La ricerca evidenzia come durante l’emergenza pandemica, i settori lavorativi più colpiti sono stati quelli dove è maggiore la presenza femminile: istruzione, assistenza e sanità, lavori domestici e, in parte, i settori della ristorazione e della cultura mentre i settori sui quali si concentrano i fondi europei sono quelli delle costruzioni, dell’agricoltura, dell’energia, dei trasporti, dell’informazione e della comunicazione, ambiti nei quali prevalgono gli uomini, da un punto di vista numerico. Durante la crisi, su 100 ditte, 38 a conduzione femminile hanno dovuto chiudere contro le 28 degli uomini così come il calo di fatturato si è registrato prevalentemente tra le ditte femminili. La controprova è data da ditte che non hanno avuto cali di fatturato, tra le quali prevalgono quelle maschili.

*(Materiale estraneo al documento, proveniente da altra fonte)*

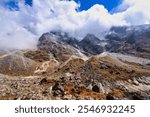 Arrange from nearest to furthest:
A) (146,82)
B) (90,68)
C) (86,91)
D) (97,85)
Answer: (86,91) → (97,85) → (146,82) → (90,68)

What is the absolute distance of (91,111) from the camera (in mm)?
24094

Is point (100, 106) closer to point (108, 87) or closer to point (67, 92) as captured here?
point (67, 92)

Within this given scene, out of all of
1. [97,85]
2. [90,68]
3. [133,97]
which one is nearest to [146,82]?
[90,68]

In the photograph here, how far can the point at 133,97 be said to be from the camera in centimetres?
6881

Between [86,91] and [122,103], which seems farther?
[86,91]

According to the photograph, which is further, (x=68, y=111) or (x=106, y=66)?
(x=106, y=66)

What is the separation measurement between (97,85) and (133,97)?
56.1ft

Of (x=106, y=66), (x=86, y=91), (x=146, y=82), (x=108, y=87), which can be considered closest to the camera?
(x=86, y=91)

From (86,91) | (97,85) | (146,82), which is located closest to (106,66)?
(146,82)

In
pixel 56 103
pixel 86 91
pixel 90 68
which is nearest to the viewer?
pixel 56 103

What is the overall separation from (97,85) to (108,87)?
975cm

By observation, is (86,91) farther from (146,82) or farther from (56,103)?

Le start up innovative femminili, per ogni singola regione, sono in numero ben al di sotto del 50% rispetto a quelle maschili.
La ricerca si conclude con alcune proposte e raccomandazioni.
Occorre investire molto nella cura anche per il potenziale moltiplicativo che ne deriva, gestire le transizioni verde e digitale in una prospettiva di genere. Tutti i piani nazionali devono contenere valutazioni impatti di genere e prevedere il cosiddetto Gender budgeting. Tre sono i fattori che possono rendere il Piano nazionale efficace per produrre effetti moltiplicativi dal punto di vista del reddito e dell’occupazione: il lavoro, le infrastrutture sociali e il gap gender.
Occorre potenziare l’imprenditoria femminile, liberare la forza lavoro femminile dai lavori di cura non retribuiti, aumentare il sostegno agli anziani, perché le donne, nela fascia centrale della vita, non debbano farsi carico contemporaneamente di figli e genitori, con conseguente perdita di produttività proprio nel momento in cui potrebbe esprimere il massimo del potenziale.
L’Italia è al 76° posto per parità di genere. Occorre intervenire sulla parità salariale ma anche sui congedi di paternità obbligatori a 5 mesi come per le donne, perché sia garantita parità di accesso al mondo del lavoro per uomini e donne.
Infine, è necessario valutare l’impatto di genere sul denaro pubblico speso perché le politiche fiscali impattano in modo diverso sugli uomini e sulle donne.